4. Lima Gelas

1K 127 10
                                    

Sekitar jam sebelas malam Athala keluar dari kamarnya. Keadaan rumah sunyi kemungkinan besar penyebabnya ialah kedua krucil itu telah tidur. Siapa lagi memangnya kalau bukan kedua adiknya yang masih SD.

Biasanya kalau adiknya masih bangun rumah terasa seperti pasar. Teriak kesana kemari, suara tangis yang hanya berselang satu menit, belum lagi kalau rumah sudah seperti kapal pecah.

Cowok tampan itu berjalan menuruni anak tangga. Rumah sudah rapi seperti keadaan semula. Benar-benar menakjubkan dan sudah pasti yang membereskan ini adalah Mama beserta kedua adiknya. Di lantai bawah keadaan sudah sepi, di dapur pun Athala hanya bertemu bi Hemas yang sudah selesai beberes.

Setelah minum Athala kembali naik melihat kondisi kedua adiknya yang sedang dikeloni Mamanya.

"Kenapa, Tha?" tanya Nara melihat anak keduanya membuka pintu.

Athala segera masuk mendorong pintu tidak sampai tertutup, "Aku nyariin Mama."

Nara menjauhkan dirinya dari badan kedua anaknya yang menempel.

"Butuh apa?"

"Papa ada?" masih dengan nada bisik-bisik Athala bertanya.

"Ada, lagi di kamarnya."

Hembusan nafas kecewa terdengar dari Athala, "Kenapa memangnya?"

"Mau ke club."

"Sekarang banget?" Athala mengangguk.

"Mendekati semester lho," peringat Nara.

"Sekali aja, yang terakhir deh. Besok selesai semester baru pergi lagi." Athala menggenggam tangan Mamanya meyakinkan.
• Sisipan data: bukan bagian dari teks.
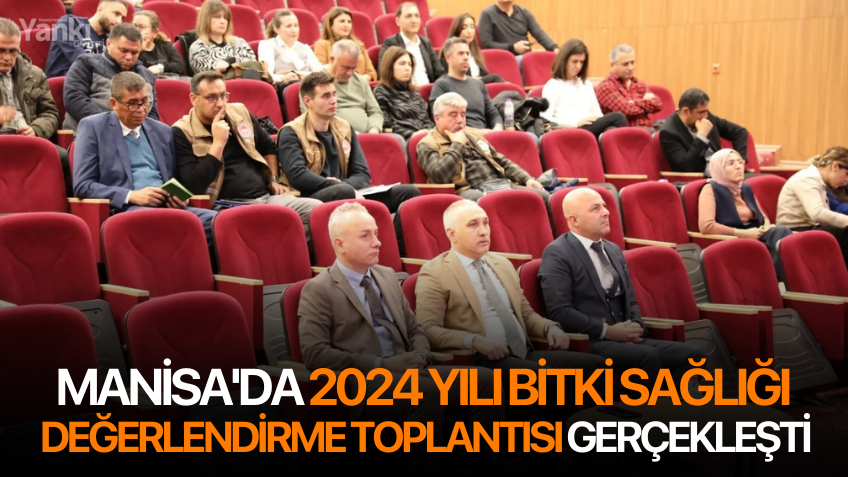 Manisa'da 2024 yılı bitki sağlığı değerlendirme toplantısı gerçekleşti
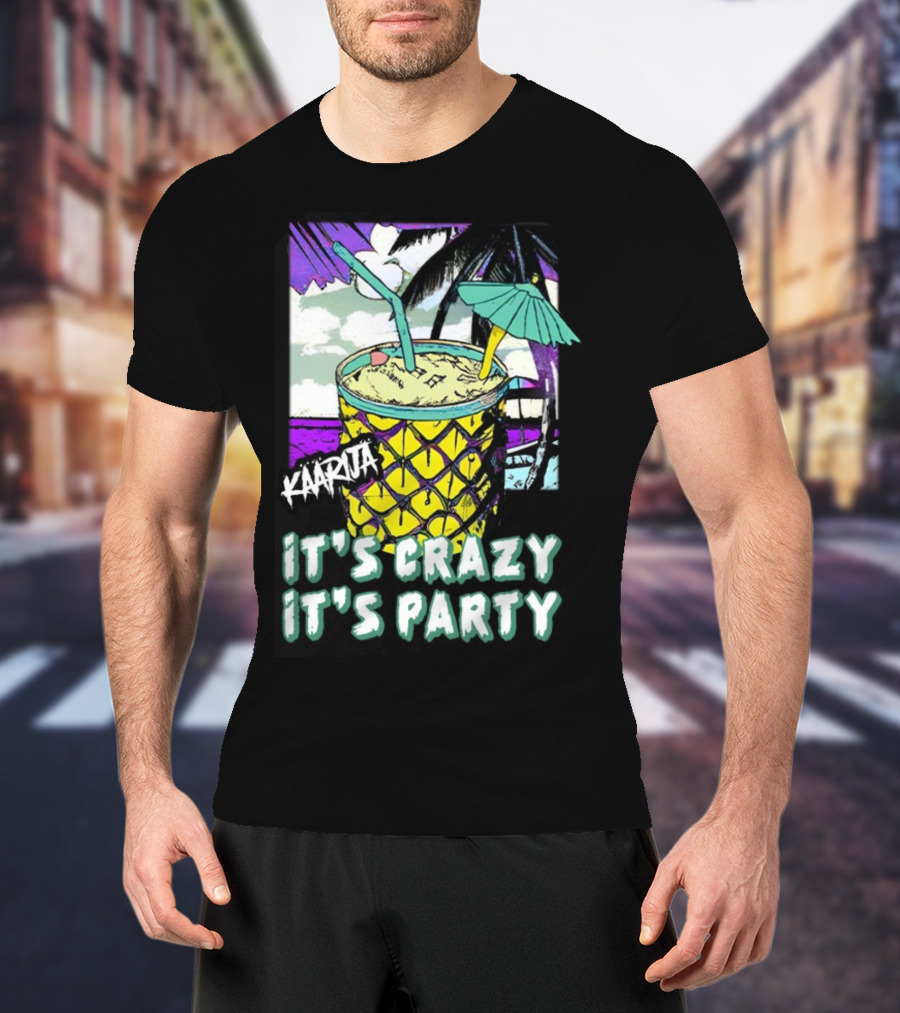 Kaarija It's Crazy It's Party Pineapple Drink Palm Trees T-Shirt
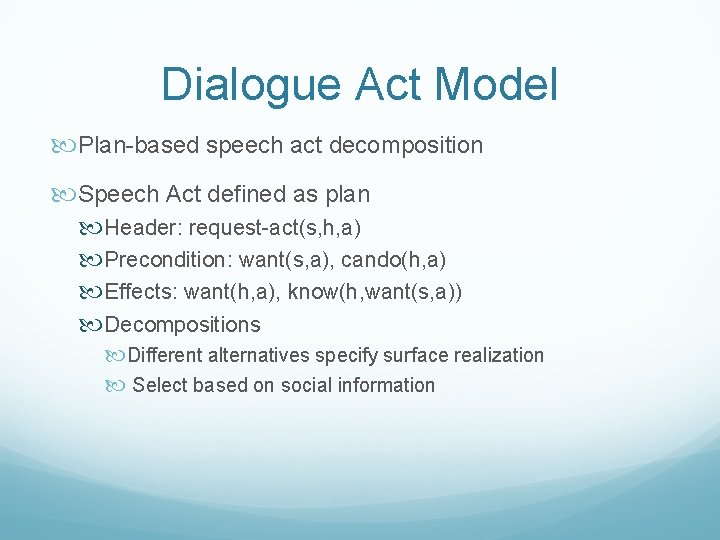 Dialogue Act Model Plan-based speech act decomposition Speech Act defined as plan Header: request-act(s,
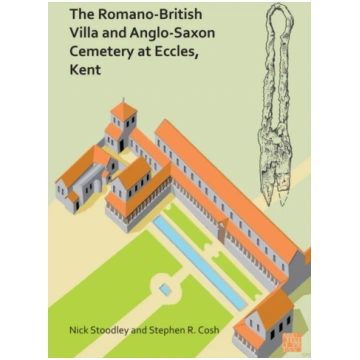 Romano-British Villa and Anglo-Saxon Cemetery at E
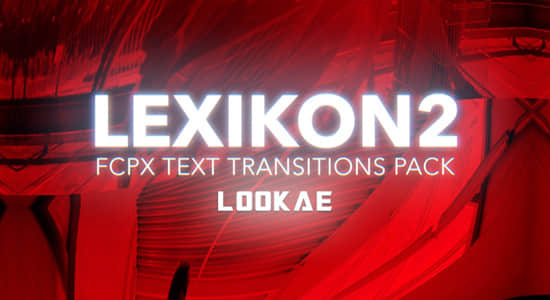 FCPX插件-第2季 20种故障摇滚文字标题包装转场过渡 Lexikon V2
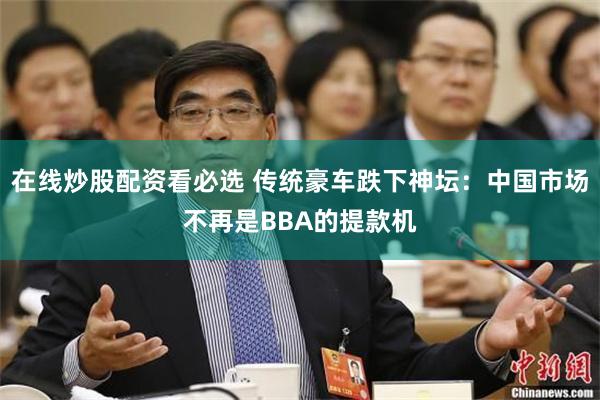 在线炒股配资看必选 传统豪车跌下神坛：中国市场不再是BBA的提款机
Tidak ada jawaban pasti yang Nara berikan untuk beberapa saat.

"Please." Athala memelas.

Pada akhirnya Nara mengiyakan, "Okey. Sebentar ya."
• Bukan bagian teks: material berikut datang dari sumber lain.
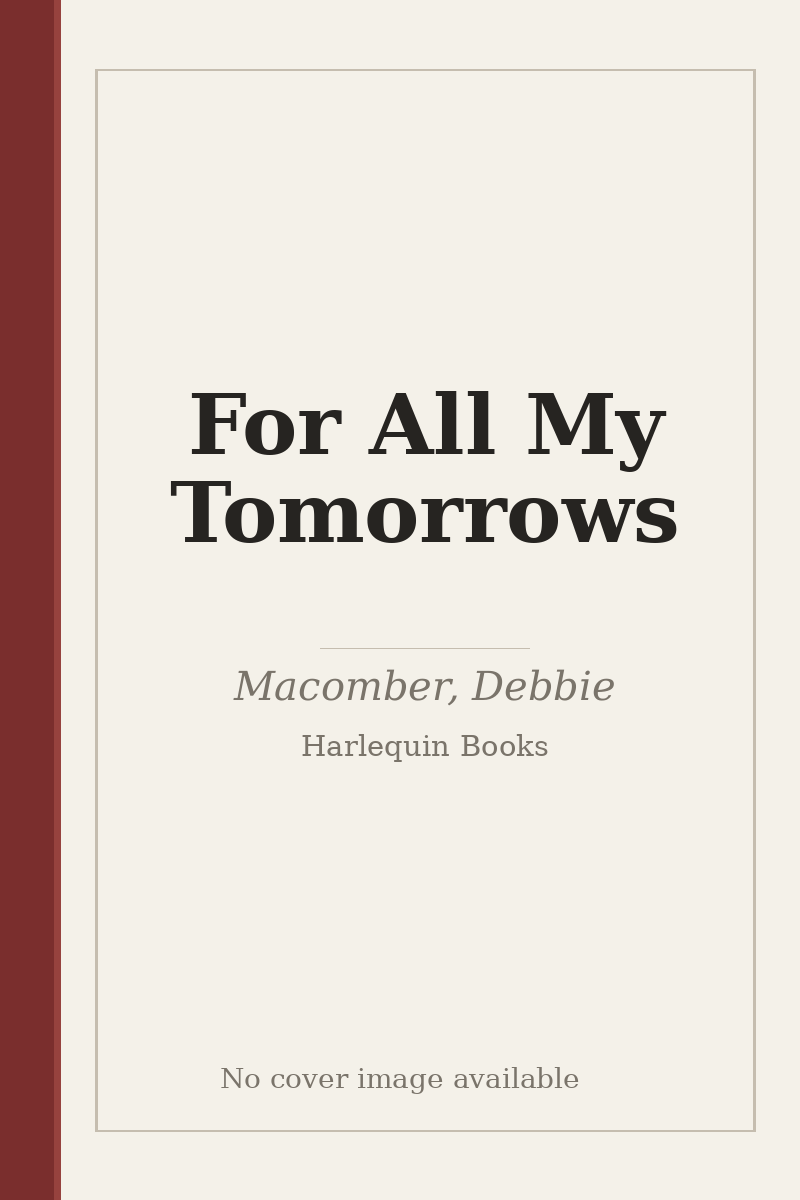 For All My Tomorrows - no cover image available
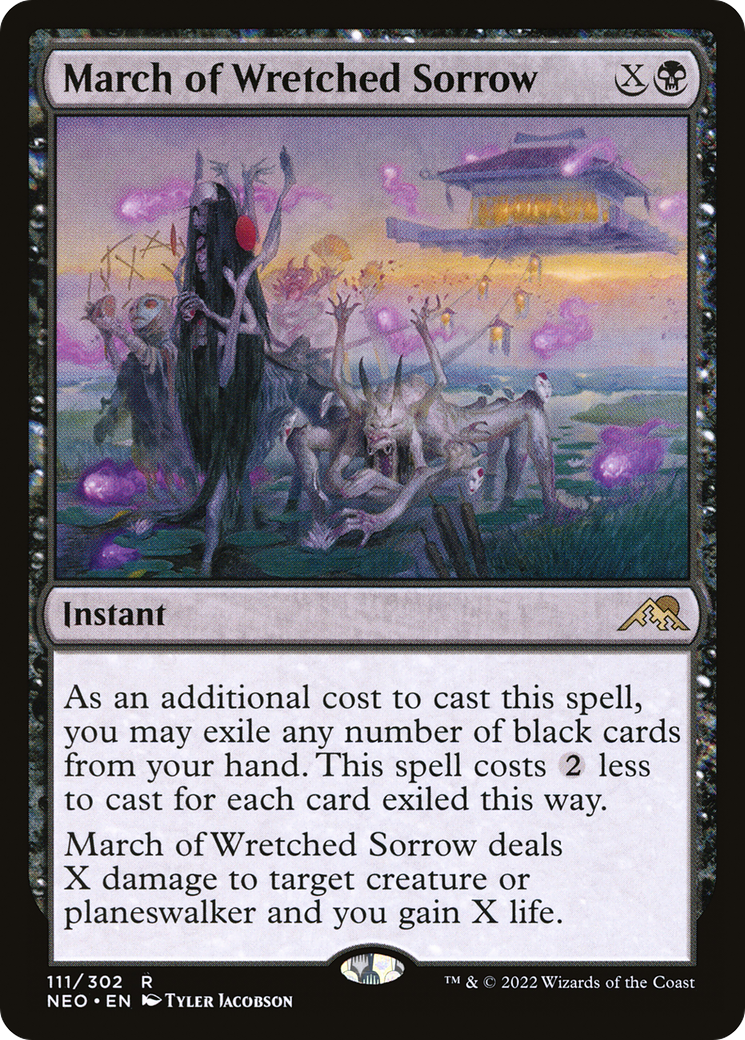 March of Wretched Sorrow (NEO-111) - Kamigawa: Neon Dynasty - Premium MTG Single from Wizards of the Coast - Just $0.08! Shop now at Game Crave Tournament Store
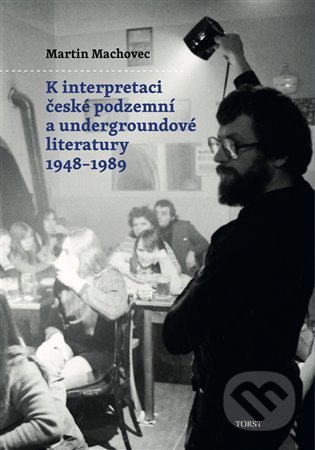 K interpretaci české podzemní a undergroundové literatury 1948–1989 - kniha z kategorie Literární věda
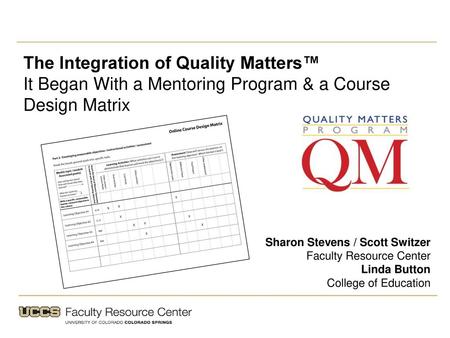 The Integration of Quality Matters™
Nara pergi keluar kamar, dari belakang Athala mengekori. Sebelumnya cowok itu mencubit pipi Altair keras, sampai anak itu mengaduh dalam tidurnya.

Athala menunggu Nara di depan pintu kamar Altair dan Allariq. Beberapa saat hingga Nara terlihat kembali. Menyerahkan sebuah kartu atm.

"Tapi aku udah punya black card."

"Buat jaga-jaga." Nara mengedipkan sebelah matanya.

"Terima kasih Ma." Athala tersenyum lebar.

"Ingat boleh minum, boleh seks, asal jangan pakai obat-obat terlarang!" peringat Nara.

"Siapp!" balas Athala lengkap dengan acungan jempolnya.

"Jangan lupa bawa baju jogging biar besok Mama alasan ke Papa kalau kalau kamu pergi olahraga."

"Tapi Adrian?"

"Udah tenang, nanti biar jadi urusan Mama."

Athala semakin tersenyum lebar. Kalau Abi penuh dengan peraturan maka Nara adalah kebalikannya.

Hidup Nara bebas tak terikat, apa yang mau dilakukan silahkan, prinsip itu ia terapkan pada anak-anaknya. Mau ke club, nongkrong sampai larut malam silahkan saja asal sekolah tidak keteteran dan pastinya bersih dari ketahuan Abimana. Kalaupun ketahuan Abi juga tak bisa berkutik karena istrinya. Saking bucinnya Abi terhadap Nara.

"Makasih banyak." Nara mengangguk.

"Mama mau masuk kamar, kalau kondisinya udah aman Mama kasih tau lewat chat. Motornya dinyalain diujung sana ya. Have fun." Nara mengacak rambut putranya.